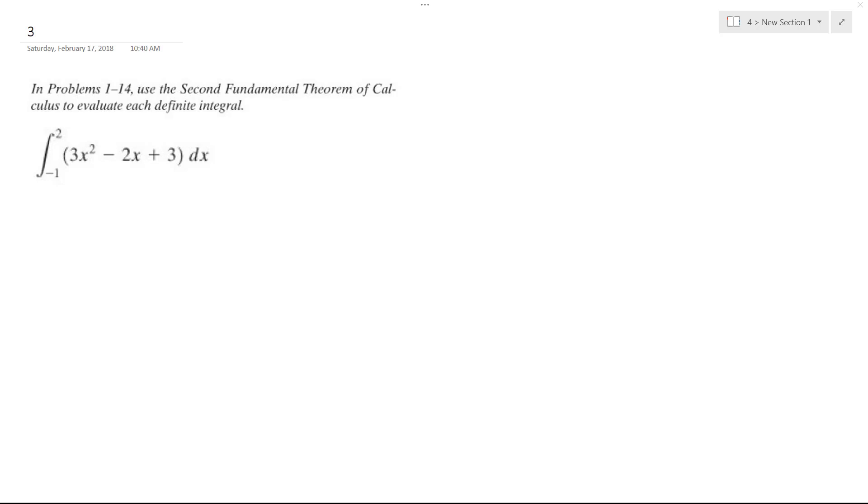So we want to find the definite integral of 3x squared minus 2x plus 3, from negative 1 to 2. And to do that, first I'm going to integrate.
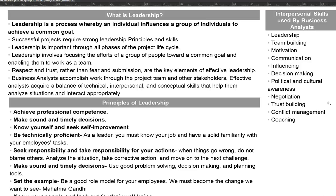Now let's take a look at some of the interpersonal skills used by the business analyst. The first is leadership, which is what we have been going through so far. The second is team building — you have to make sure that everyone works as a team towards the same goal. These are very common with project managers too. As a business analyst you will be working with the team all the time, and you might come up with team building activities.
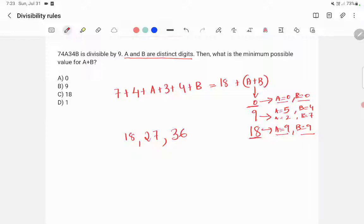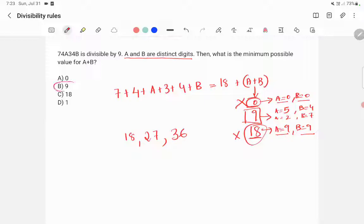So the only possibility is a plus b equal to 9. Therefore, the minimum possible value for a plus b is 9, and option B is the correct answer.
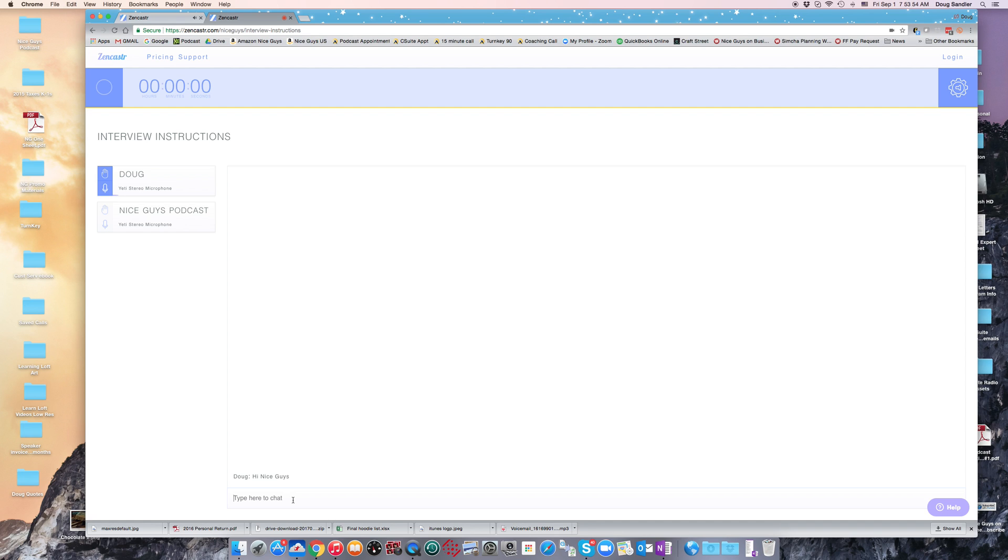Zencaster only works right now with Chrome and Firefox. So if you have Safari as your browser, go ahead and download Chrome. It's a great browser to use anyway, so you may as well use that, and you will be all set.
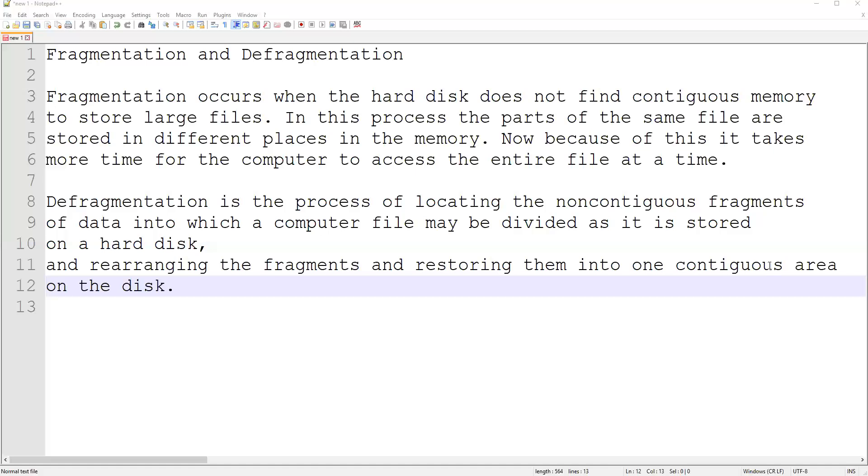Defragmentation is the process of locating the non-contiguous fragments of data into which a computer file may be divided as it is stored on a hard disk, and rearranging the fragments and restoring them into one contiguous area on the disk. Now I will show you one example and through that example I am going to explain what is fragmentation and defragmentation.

★ ★ ★

REQUIRED WORK = Could you set down, exactly as written, every line from the start of the records above through the line containing "Now let's take", leaving the pictures out?

EXPECTED ANSWER =
So we want to find the definite integral of 3x squared minus 2x plus 3, from negative 1 to 2. And to do that, first I'm going to integrate.
Now let's take a look at some of the interpersonal skills used by the business analyst. The first is leadership, which is what we have been going through so far. The second is team building — you have to make sure that everyone works as a team towards the same goal. These are very common with project managers too. As a business analyst you will be working with the team all the time, and you might come up with team building activities.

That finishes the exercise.